いくつかの理由が考えられるが、一つは賃金を含めた労働環境の問題があるだろう。前出のOSIグループのウェストシカゴ工場で働いている在職期間の長い労働者は「イリノイ州の最低時給8.25ドルを上回る10ドル」をもらっていたようだが、「労働環境は最低」で、「ラバのように働かされた」と不満を述べている。
 こうした労働環境に対する不満が、決められた衛生管理方法を順守しようという方向に向かなかったのは容易に想像できる。
 2013年12月に起きたマルハニチログループのアクリフーズ群馬工場で冷凍食品に農薬が混入された事件では、賃金に対する不満があったと犯行を行った契約社員は主張している。

 もう一つはコスト優先圧力。特に日本企業の場合、品質よりコストを優先する傾向があるとは、海外でよく聞かれる言葉だ。物によっては採算ギリギリか、採算割れの仕事もあると言う。その要求を受け入れなければ仕事がよそにまわる可能性が強いため多少無理をしても受けざるを得ない。だが、近年、中国の人件費上昇は著しく、もはや内部努力だけでは限界に来ているという声も多い。こうしたコスト圧力が商品の「再利用」に向いた側面もゼロではないだろう。

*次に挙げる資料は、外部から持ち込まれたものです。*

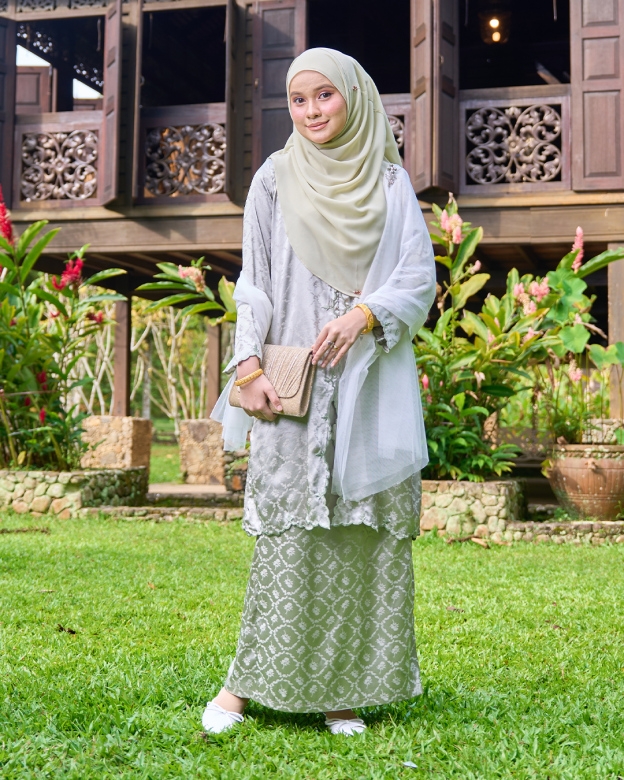 KEBARUNG SULAM JACQUARD SARIMAH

 例えば雪印乳業(当時)の食中毒事件。製造ラインが停電で止まれば、乳材料を廃棄するとマニュアルで決められている。にもかかわらず、そんな「もったいない」ことはできないと廃棄せず「再利用」したために毒素が発生し、食中毒を起こした。

 HACCPの衛生管理方法まで実施している工場が、なぜマニュアル通りに廃棄しなかったのか。まさかマニュアルを知らなかったわけでも、従業員のモラルが低かったわけでもないだろう。いや、案外そうかもしれないが、組織ぐるみということになると、それだけでは片付けられない。
 日頃のコスト優先圧力がボディブローのように効いていたのではないか。経営が厳しかったり、利幅が薄い商品の場合は、「これぐらいは大丈夫だろう」という誘惑が働いたかもしれない。

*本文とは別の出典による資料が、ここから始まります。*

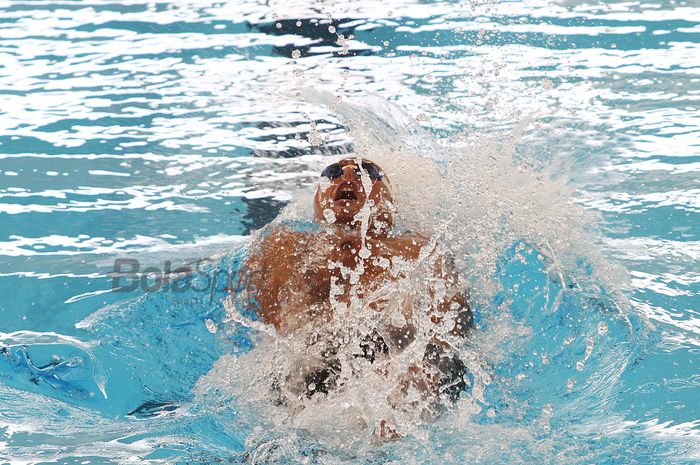 Perenang asal Bali, I Gede Siman Sudartawa  saat turun di nomor 50 meter gaya punggung pada Festival Akuatik Indonesia 2019 di Aquatic Center, Gelora Bung Karno, Jakarta, Kamis (25/4/2019).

 現在、多くの分野で力を持っているのは製造業より流通業の方で、値決めの決定権は流通業が持っていることが多い。結果、製造業は非常に薄い利幅でモノを作り続けているのが現状である。
 海外、なかでも中国沿岸部は近年、人件費が高騰している。本来なら人件費のアップ分だけでも値上げしたいところだろう。それができれば問題ないが、価格下方圧力は強まっても緩むことはない。
 当然、経営側の直接間接圧力は現場に伝わる。現場責任者は経営側の意図を察知して、「阿吽の呼吸」で動く。組織的な不正は、国内外を問わず、いずこも同じ構図である。

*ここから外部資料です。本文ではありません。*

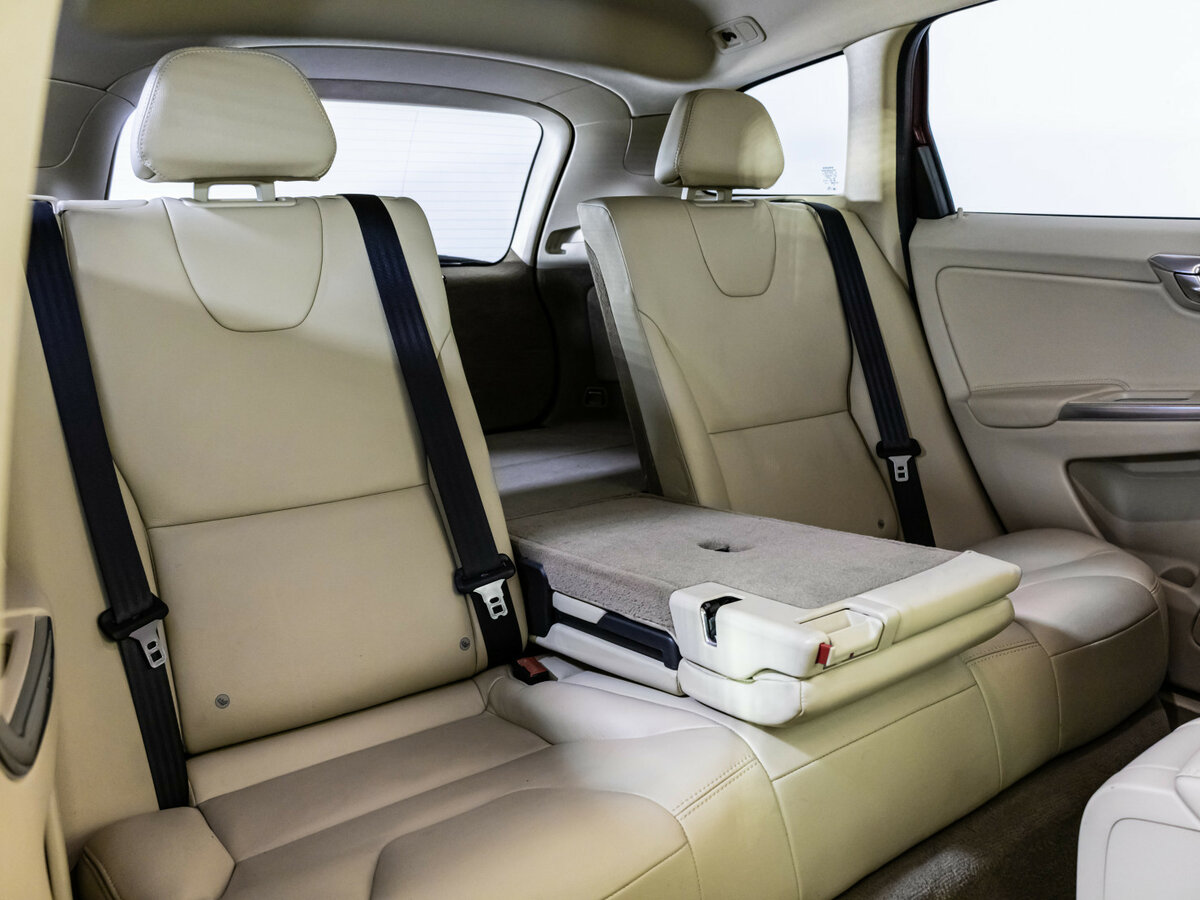 Volvo XC60 с пробегом — 2014 год. Фото: #16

 8月14日、しゃぶしゃぶチェーンの木曽路が一部店舗で「松阪牛」「佐賀牛」として提供したしゃぶしゃぶや、すき焼きの肉が、実際は単価の安い和牛だったと発表した。偽装表示をしていた3店舗の責任者は「店の利益を増やすためにやった」と言っているようだが、これなどは明らかに利益優先、コストカット圧力を現場が「阿吽の呼吸」で察知し、実行したものといえる。
 国内でさえそうだから、安い製造コストを求めて海外工場で製造している場合(委託生産を含む)はなおのことだろう。